→ YOUR GOAL
For this exercise, retype the lines from the one that holds "Snapshot of Mia_Suarez7" through the one that holds "Роза в куполе из мыла" in the records below, both included, exactly and without pictures.

Items listed in a dataset
Segment Open

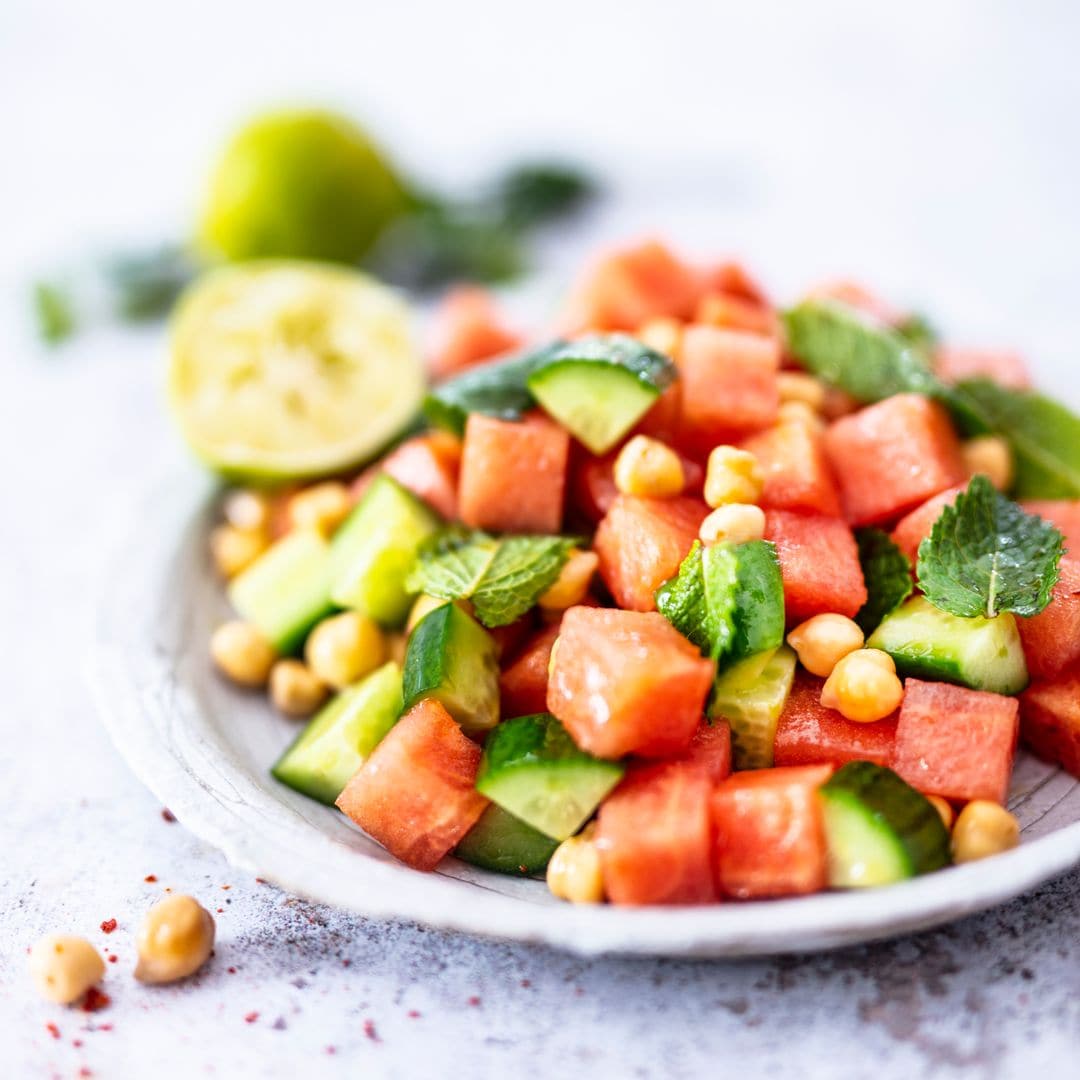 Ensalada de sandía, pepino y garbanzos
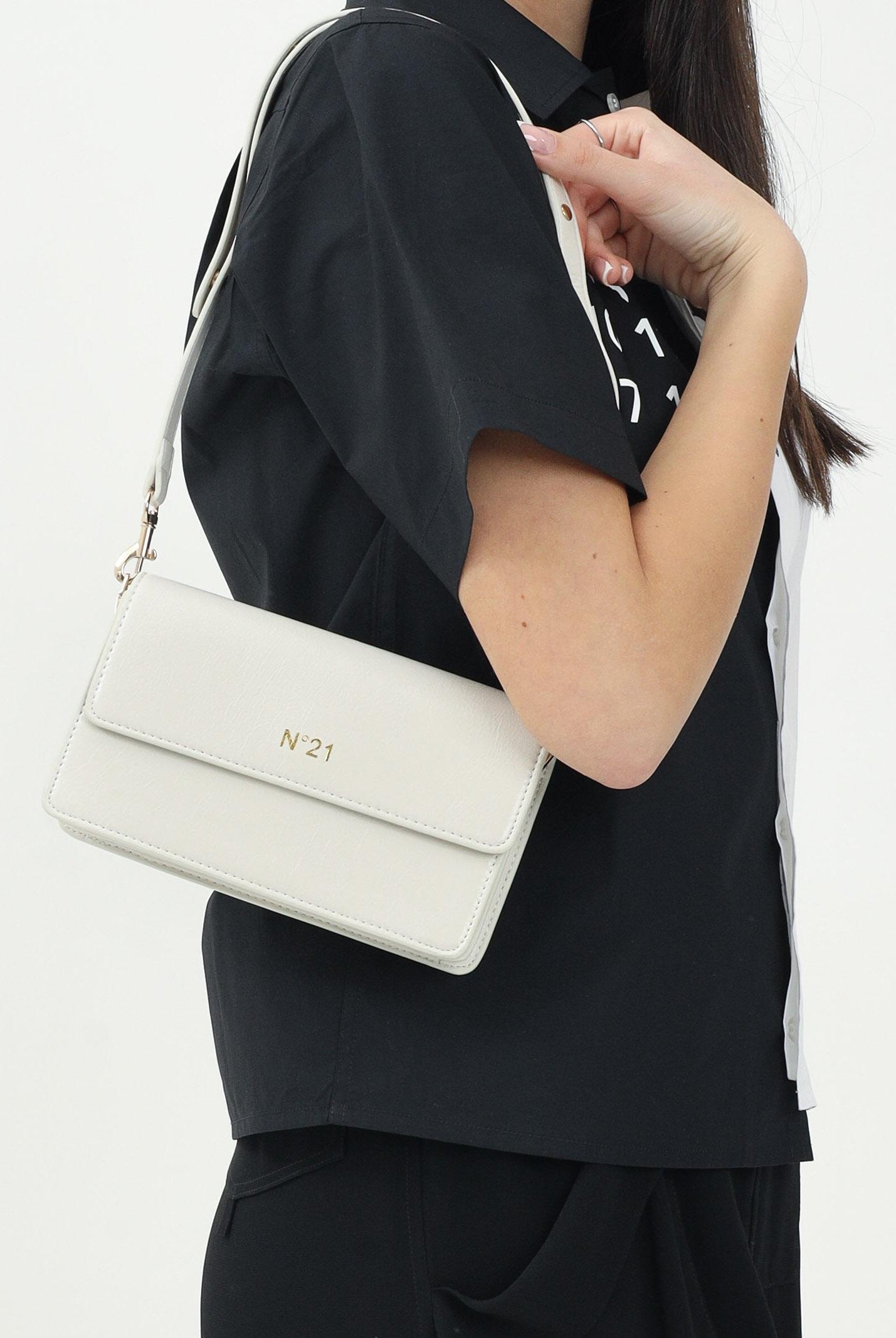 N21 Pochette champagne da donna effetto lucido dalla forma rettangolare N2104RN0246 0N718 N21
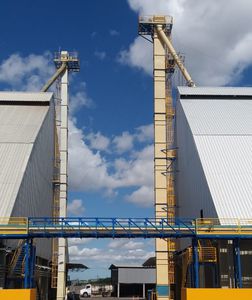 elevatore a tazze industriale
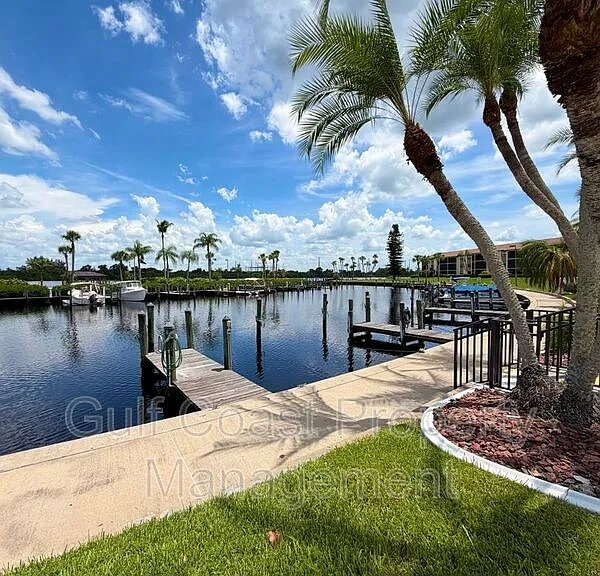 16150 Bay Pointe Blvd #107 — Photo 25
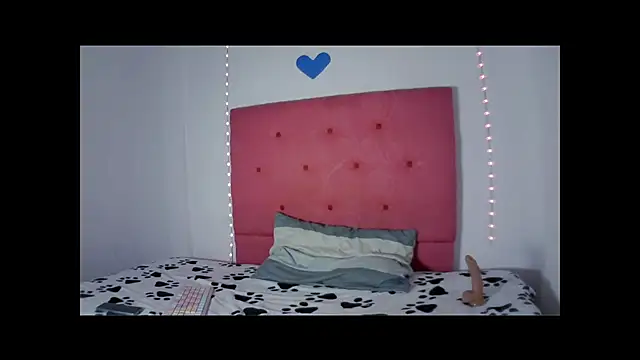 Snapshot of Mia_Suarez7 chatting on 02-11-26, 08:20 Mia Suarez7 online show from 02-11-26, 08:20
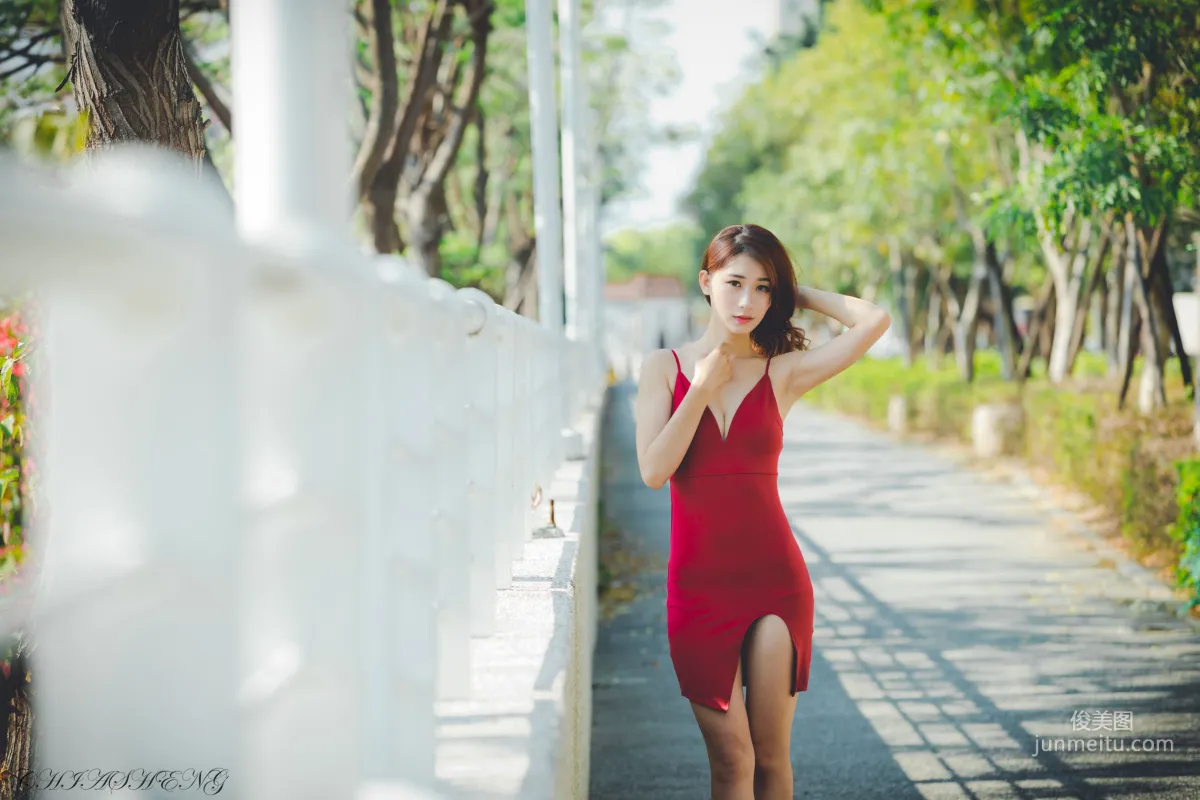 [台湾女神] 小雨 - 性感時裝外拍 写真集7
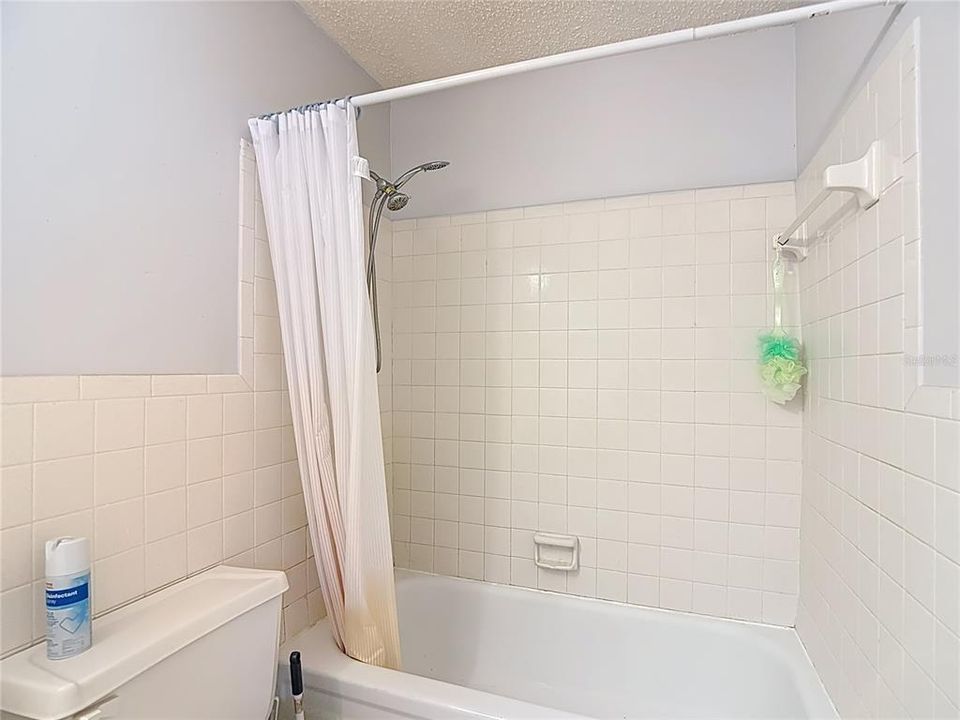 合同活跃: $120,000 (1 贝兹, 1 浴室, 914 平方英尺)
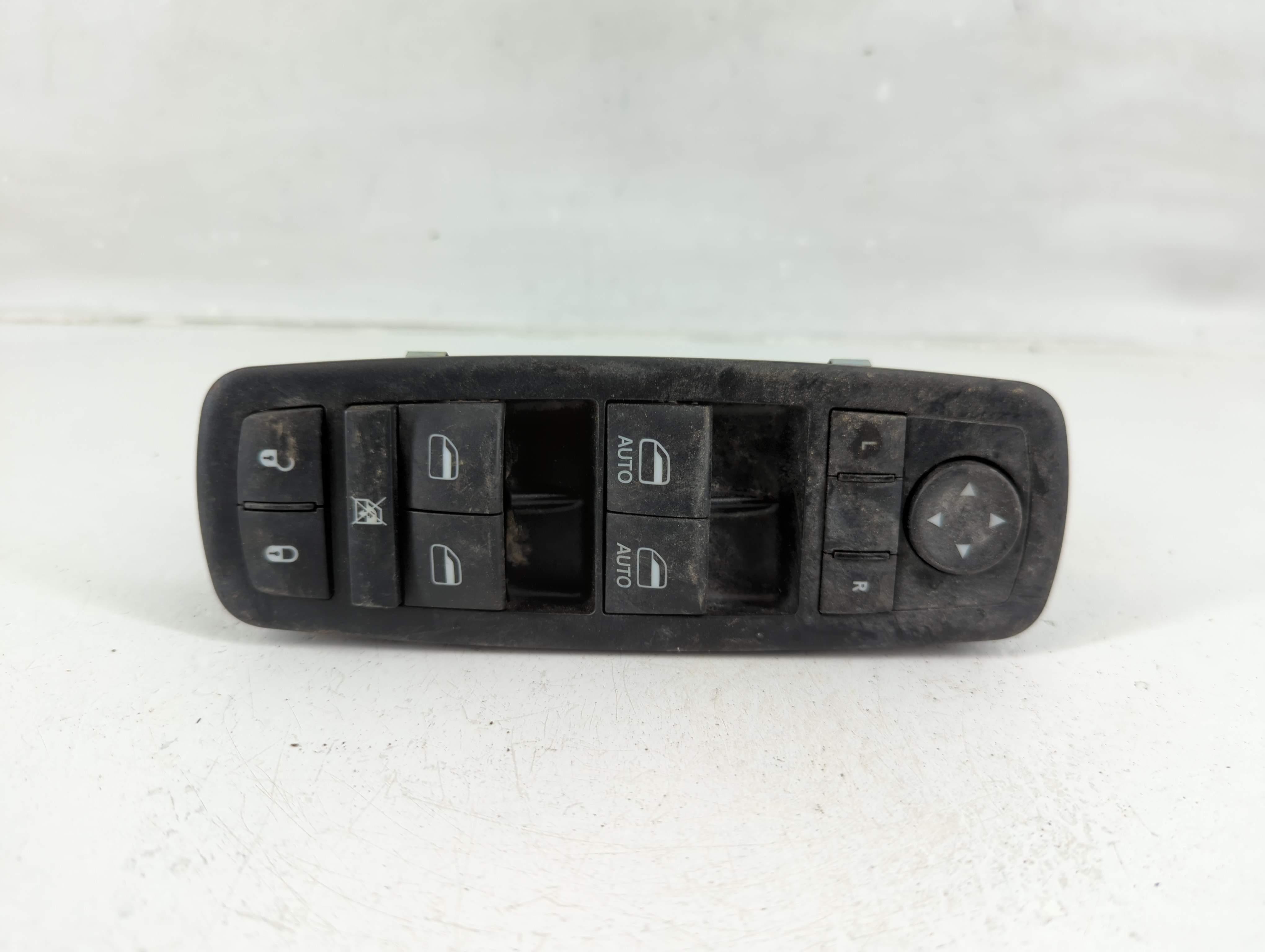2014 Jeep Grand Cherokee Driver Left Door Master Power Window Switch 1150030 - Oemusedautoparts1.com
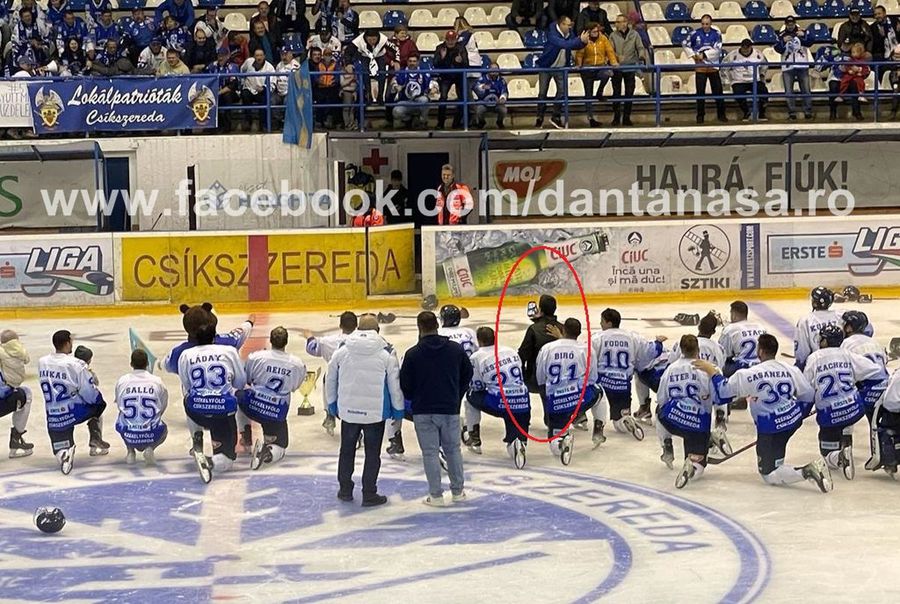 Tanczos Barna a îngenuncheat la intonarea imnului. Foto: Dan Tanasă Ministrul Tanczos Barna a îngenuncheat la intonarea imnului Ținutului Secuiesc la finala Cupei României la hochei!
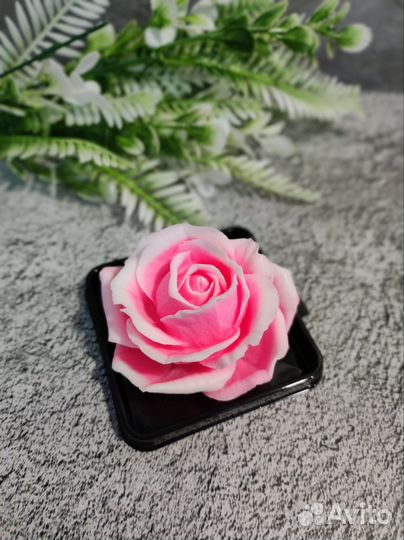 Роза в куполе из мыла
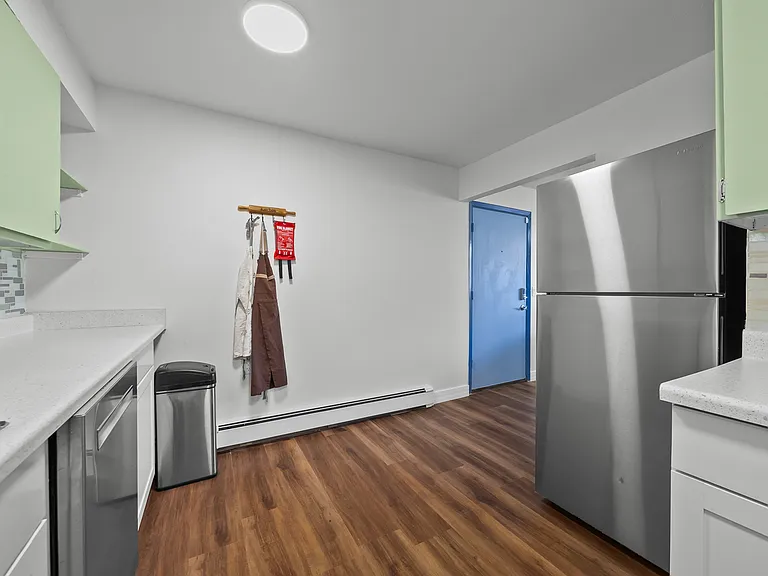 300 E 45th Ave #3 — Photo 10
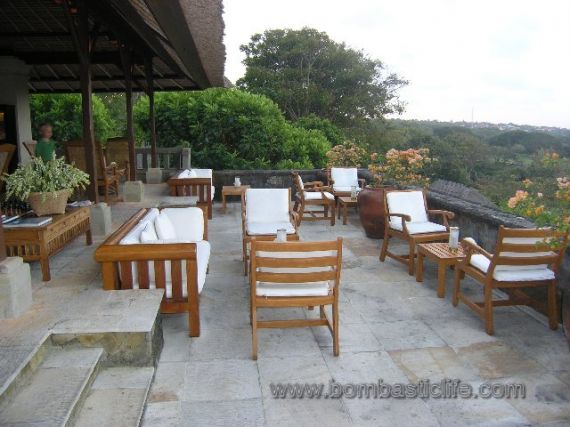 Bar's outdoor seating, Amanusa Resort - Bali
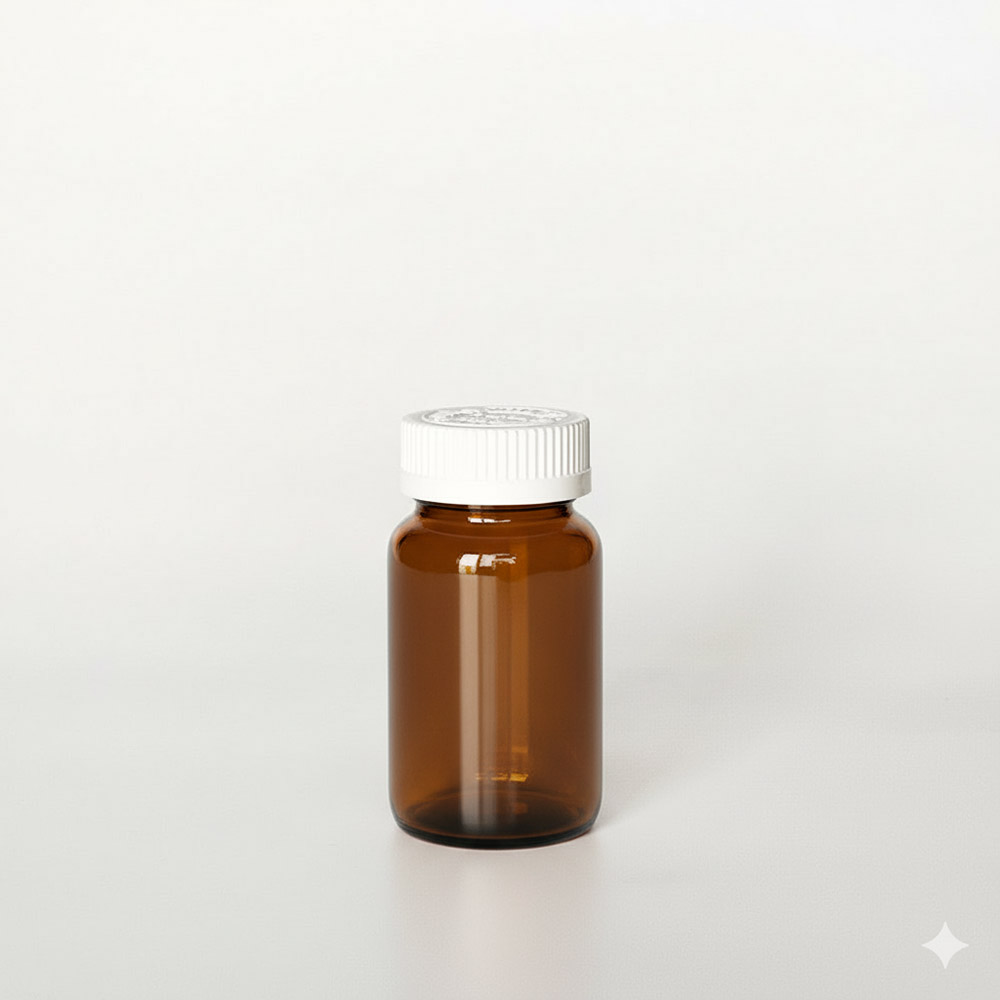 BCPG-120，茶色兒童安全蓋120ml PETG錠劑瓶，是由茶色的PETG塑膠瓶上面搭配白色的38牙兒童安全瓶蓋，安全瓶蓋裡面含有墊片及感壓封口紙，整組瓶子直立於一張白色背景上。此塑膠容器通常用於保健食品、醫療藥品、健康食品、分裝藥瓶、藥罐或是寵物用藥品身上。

Segment Closed

→ SOLUTION FOR THIS EXERCISE
 Snapshot of Mia_Suarez7 chatting on 02-11-26, 08:20 Mia Suarez7 online show from 02-11-26, 08:20
 [台湾女神] 小雨 - 性感時裝外拍 写真集7
 合同活跃: $120,000 (1 贝兹, 1 浴室, 914 平方英尺)
2014 Jeep Grand Cherokee Driver Left Door Master Power Window Switch 1150030 - Oemusedautoparts1.com
 Tanczos Barna a îngenuncheat la intonarea imnului. Foto: Dan Tanasă Ministrul Tanczos Barna a îngenuncheat la intonarea imnului Ținutului Secuiesc la finala Cupei României la hochei!
 Роза в куполе из мыла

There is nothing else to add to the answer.